Students will be divided into a group of around 5-6 students. Each group is assigned to a project (according to the preference and skills of each groups).

At the end of the project, the students are expected to provide:

  • Source code of library/program in a gitlab repository
  • Documentation of how to use and install the software (API, command line...)
  • A group report describing the work that has been accomplished (which algorithms are used, what kind of results were obtained...)
  • An individual list of contributions to the project.

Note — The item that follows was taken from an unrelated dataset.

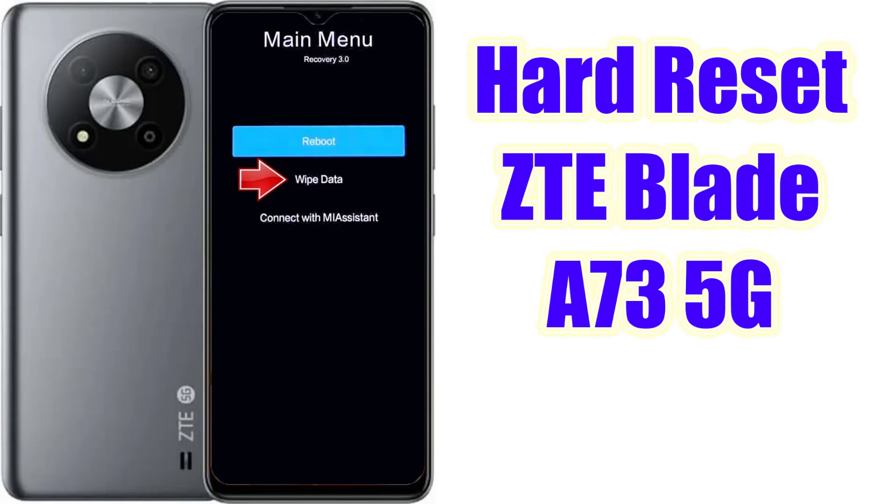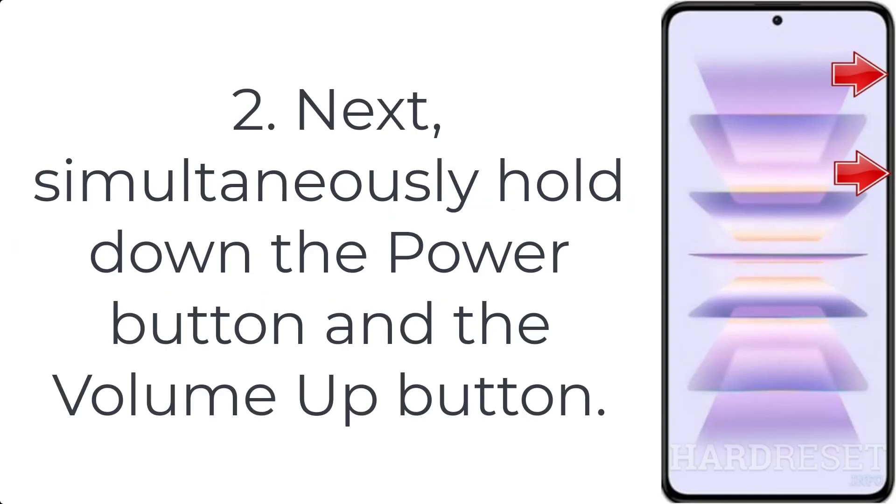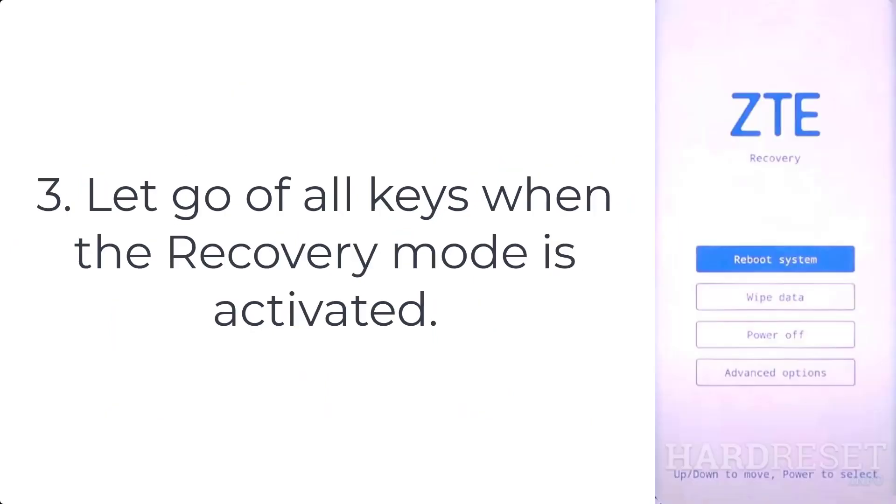How to hard reset ZTE Blade A73 5G. Step 1: to completely switch off the ZTE Blade A73 5G, press the power key. Step 2: next, simultaneously hold down the power button and the volume up button. Step 3: let go of all keys when the recovery mode is activated.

Important: the deadline for the selection of projects is Wednesday 3th of September 2025 at 13:00, you need to send me an email (mattias.tiger at liu.se) with the following information:

  • The group number from webreg.
  • A ranked list of all projects (details on the projects below)
Use the following subject in the email: TDD19 - Project selection


Project list

1) Semantic Mapping

Customer/Supervisor: Piotr Rudol


(Image from WARA-PS)

Context: the goal of this project is to explore the use of machine learning to build semantic map of the environment using ground robotic system such as Boston Dynamics Spot robot operating in an indoor environment. Such map would include locations of detected objects, for example TV, chair, desk, vehicle, etc. The task could be achieved using vision-based CNN models in combination with sensor fusion algorithms such as Extended Kalman Filter. Semantic information would be stored in the robot’s knowledge database using Resource Description Framework (RDF) Graphs. Initially, the work would be performed on pre-recorded log files, with the possibility of running and test.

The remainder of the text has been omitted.